Friday, August 23, 2013

Jack the Jerk Bounces Checks at the Class Reunion

So, the class reunion.  Did I post about Jack?  Former super-suave, ultra-cool funny-guy jock turned grown-up loser.  Think Freddie "Boom Boom" Washington from Welcome Back Kotter.  

Now imagine Freddie's degenerated into a drunken junkie who manipulates the folks who persist in caring about him with bogus suicide threats.  

Yeah, 30 years down the line, and life hasn't been kind to Jack.  To be brutally straightforward, he's earned what he has.  I've been watching him with a somewhat jaundiced eye since he threatened suicide and then disappeared from Facebook for over a year back in 2011, ignoring the desperate pleas from old friends to please get in touch.  

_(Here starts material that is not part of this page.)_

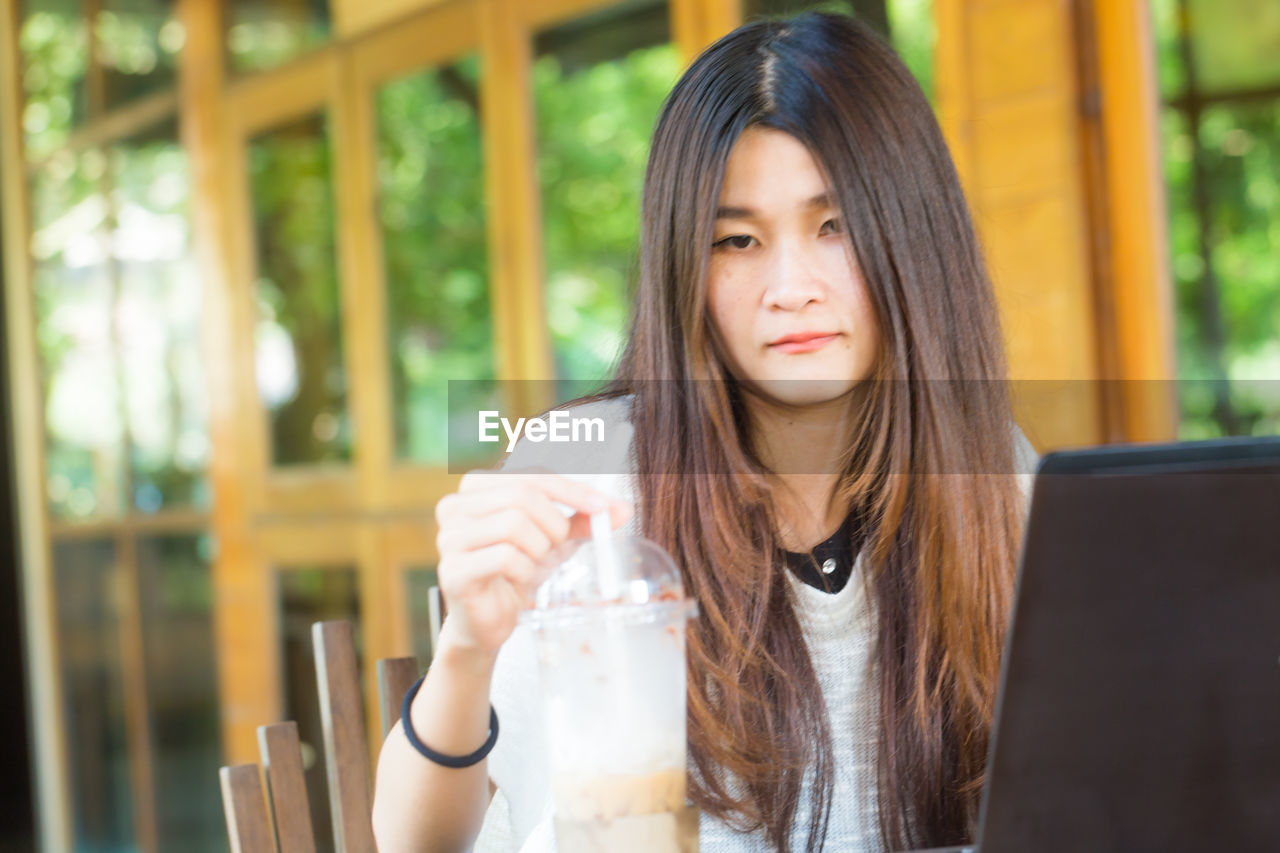 Portrait of woman with laptop having drink in cafe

Despite my misgivings I, of course, sought contact information for him for the reunion.  And he was contacted, and said he planned to go.  And then, out of the blue, maybe two weeks before the reunion, Jack says he's off to kill himself.  Says he's checking out, he's done with this life, see y'all on the other side.  And then off he goes, POOF!  All his stupid little friends begging him to call, to check in, to please, please don't do this.  

I say "stupid" because I've been the person who just keeps letting some creepy creature manipulate me because he likes the attention and it gets him off the hook.  And I was stupid.  No other way to put it.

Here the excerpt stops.